> [Material provided]:
^^^^
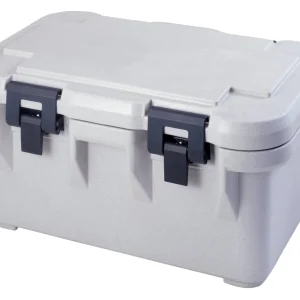 Cambro Camrack® 9-Fächer – Spülkorb Mit 6 Extender 500 X 500 X 349 Mm, 1 Stück Im Karton – 9S1114110 21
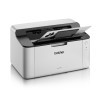 Drukarka laserowa mono Brother HL-1110EYJ1 HL-1110EYJ1 (A4, Letter)-1217787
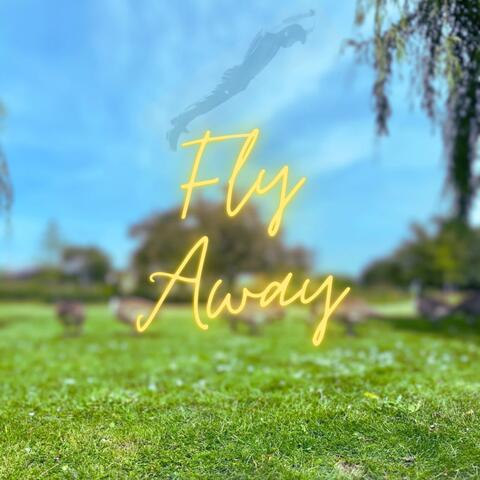 Fly Away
^^^^
> [What is required]: The expected answer consists solely of the lines from the one with "Drukarka laserowa mono" through the last line of the listing above, restated exactly, minus any pictures.

> [Exercise answer]:
 Drukarka laserowa mono Brother HL-1110EYJ1 HL-1110EYJ1 (A4, Letter)-1217787
 Fly Away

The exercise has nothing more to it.